Homeowners
Quitclaim Deeds: Easy to Use, But Beware the Risks
February 26, 2025
If you’re thinking of transferring ownership of your property, you may have come across something called a quitclaim deed.
The deeds, which some people mistakenly call it a quickclaim deed, are a common option that can work in certain transactions.
Often, quitclaim deeds are used in private sales. Many folks use them if they’re passing their homes to family members. They are also common in marriages or divorces, as the name of a spouse can be added or removed from the title on the home. (The title denotes ownership of the property.)
The deeds are also a tool to clear up the rights of heirs to inherited property and settle other issues regarding the title when things change.
“A lot of people try to use it because you can go to any [office supply store] and get the form,” said Gaylene Rogers Lonergan, whose eponymous real estate law firm and title company covers the Dallas area. “It’s inexpensive, and you can do it yourself.”
How to use a quitclaim deed
Using a quitclaim deed is generally very simple.
In most states, you will need to fill in your name, the name of the party you are transferring the property to, and a description of the property in addition to any other information requested.
Then the form must be notarized and sent to the local county recorder. The recorder may require you to bring additional documentation.
Quitclaims don’t come with guarantees
If the quitclaim deed sounds too easy to be true, that’s because it comes with plenty of caveats that may make you want to think twice before using one.
“It’s useful in very limited circumstances, because it can create issues with the chain of title,” Lonergan said. “They don’t guarantee that the grantor owns the property. Instead, they convey the idea that ‘if I have any interest in the property, you can have it.’’’
That little word “if” can become a huge issue if there’s a lawsuit over who owns the property.

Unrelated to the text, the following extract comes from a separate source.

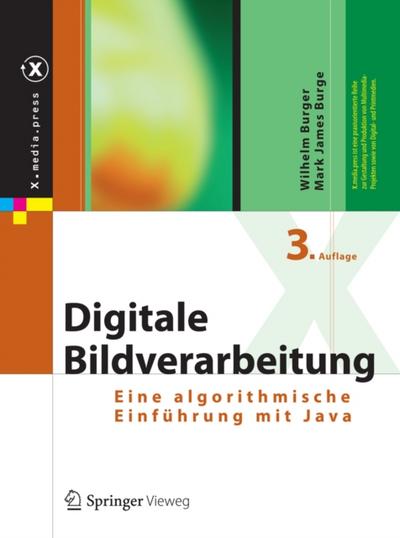 Digitale Bildverarbeitung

For example, say a parent (the grantor) passes the property to a new spouse through a quitclaim deed. The children could sue. The same could happen if the owner gives it to just one of their children. The rest of the kids could challenge the deed in court.
If there’s a problem with the title at the closing of a sale, the title company often will not accept a quitclaim deed as proof of ownership.

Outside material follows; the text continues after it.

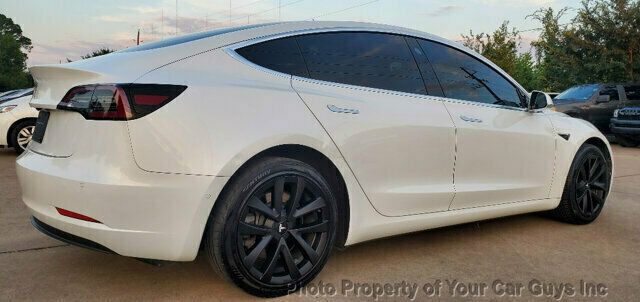 2019 Tesla Model 3 FSD Package ,New tesla Battery  - 22901158 - 11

“It also depends on how long ago the quitclaim deed was filed,” Lonergan said. “I’ve had cases where the grantor has died, and we’ve had to get the dead relative’s children to sign off on it. That’s not always easy.”
Lonergan always advises clients to consult a lawyer before executing a quitclaim deed because “the recipient needs to realize what little they are getting.”

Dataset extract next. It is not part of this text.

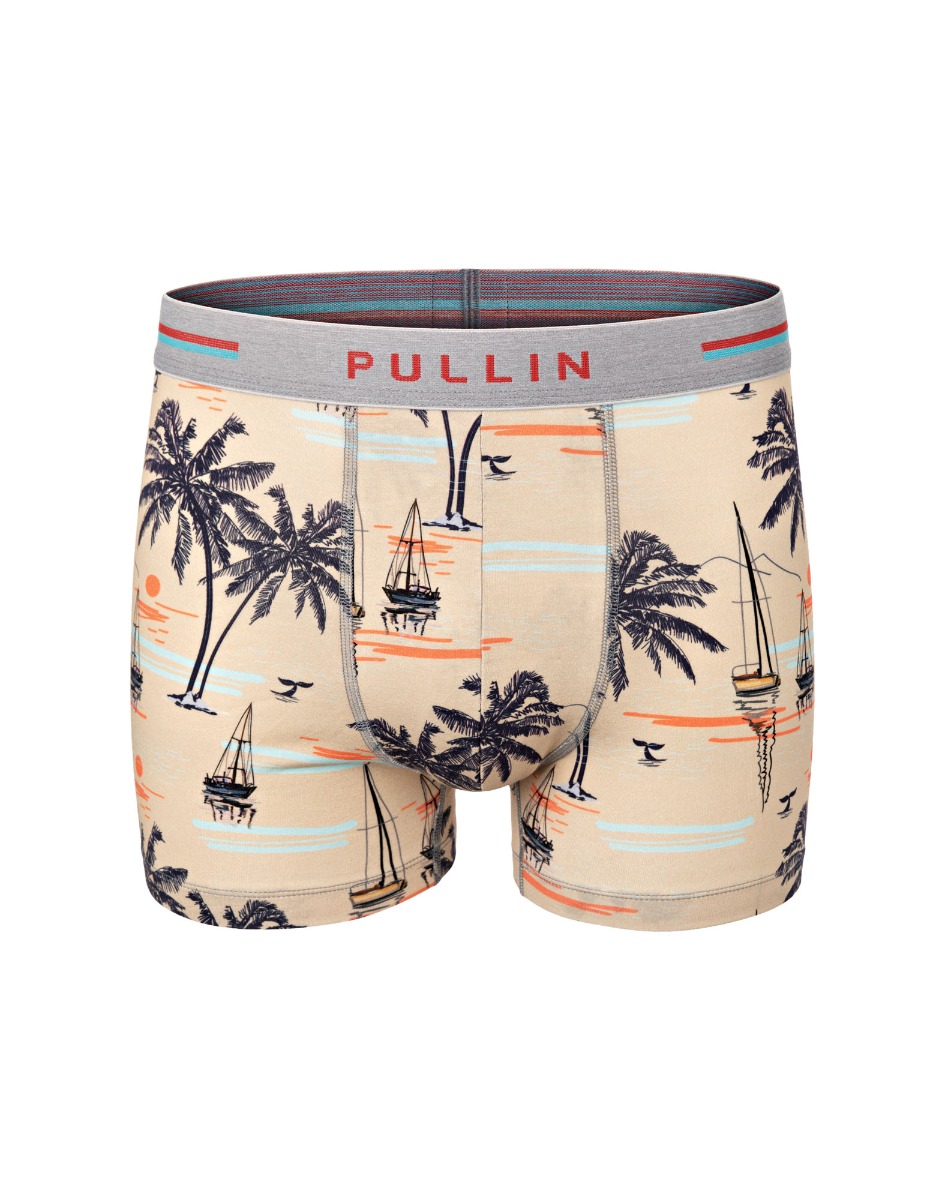 BOXER COURT STBARTH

She added that a quitclaim deed, although inexpensive to execute, may end up being more costly than you expect.
“People shouldn’t be practicing law without a lawyer,” she said. “Down the road you can get in trouble and end of paying me more” to fix things.
Should you use a warranty deed instead of a quitclaim deed?
There is another safer alternative to a quitclaim deed: The warranty deed. Its two common forms, general and special, are widely accepted in real estate deals.
The safer bet is the general warranty deed. It covers the whole history of the property. That means someone from the past can’t suddenly appear and claim they have an ownership stake in the property.
“The general warranty deed is the gold standard,” Lonergan said. “It protects the person buying and the person selling.”
The special warranty deed, sometimes used by banks or developers or in commercial sales, limits the liability of the seller. It only covers the time in which the seller owned it.
The general and special warranty deeds are typically prepared by lawyers. So, they do cost more upfront than quitclaim deeds.
Whichever type of deed you choose, Lonergan said, it’s best to get help from an expert.
“Do consult a layer first because you can be creating more problems than you’re fixing,” she said.